• _INPUT FOR THIS TASK_
--------

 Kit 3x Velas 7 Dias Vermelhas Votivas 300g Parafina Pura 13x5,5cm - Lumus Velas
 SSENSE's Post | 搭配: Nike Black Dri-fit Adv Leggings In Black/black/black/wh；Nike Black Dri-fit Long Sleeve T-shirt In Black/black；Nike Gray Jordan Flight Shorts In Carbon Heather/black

--------

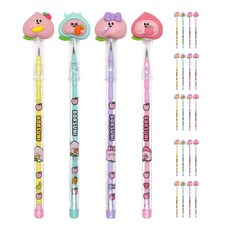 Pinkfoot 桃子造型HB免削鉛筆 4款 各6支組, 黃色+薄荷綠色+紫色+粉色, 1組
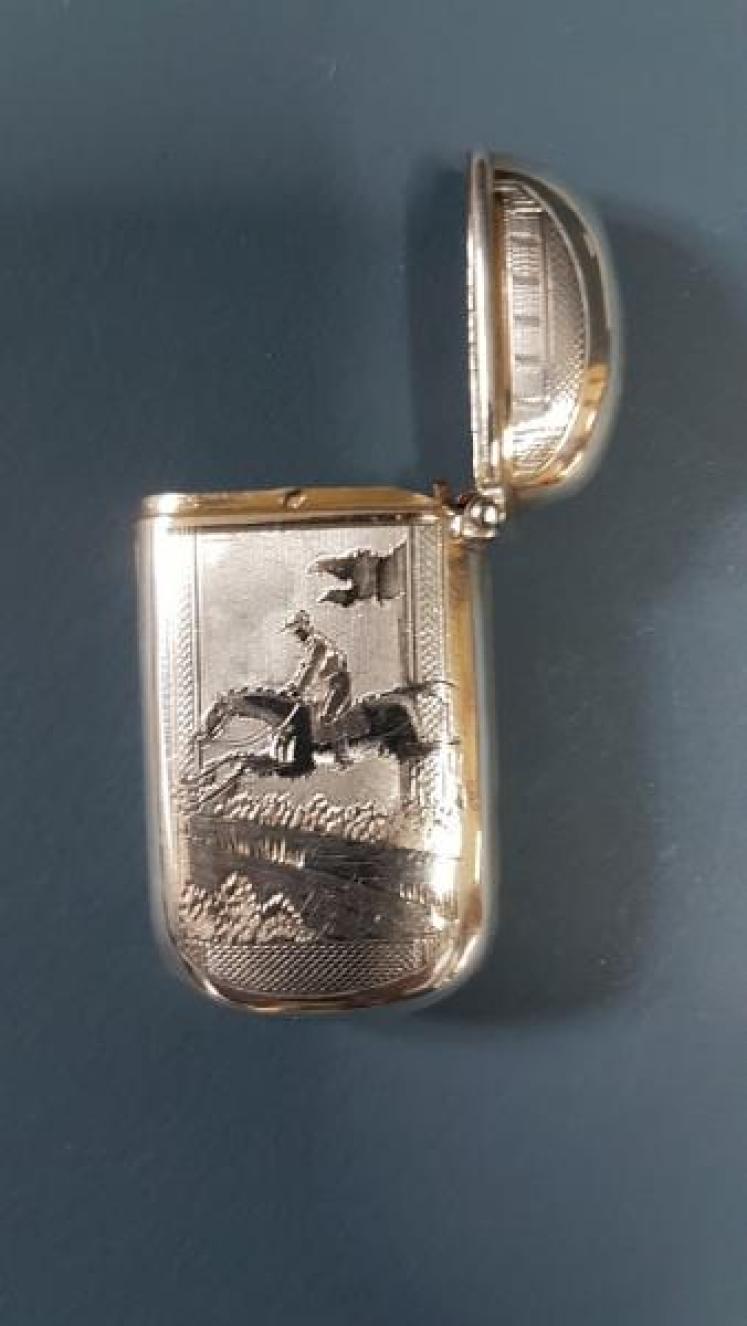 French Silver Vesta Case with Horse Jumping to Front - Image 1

--------

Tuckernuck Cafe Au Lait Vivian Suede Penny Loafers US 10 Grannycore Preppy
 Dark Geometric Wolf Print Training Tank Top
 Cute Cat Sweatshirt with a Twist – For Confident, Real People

--------

• _YOUR TASK_
Using the records above, write out exactly the lines between the one holding "Kit 3x Velas" and the one holding "SSENSE's Post |", inclusive; leave everything else out.

• _FINISHED TASK_
 Kit 3x Velas 7 Dias Vermelhas Votivas 300g Parafina Pura 13x5,5cm - Lumus Velas
 SSENSE's Post | 搭配: Nike Black Dri-fit Adv Leggings In Black/black/black/wh；Nike Black Dri-fit Long Sleeve T-shirt In Black/black；Nike Gray Jordan Flight Shorts In Carbon Heather/black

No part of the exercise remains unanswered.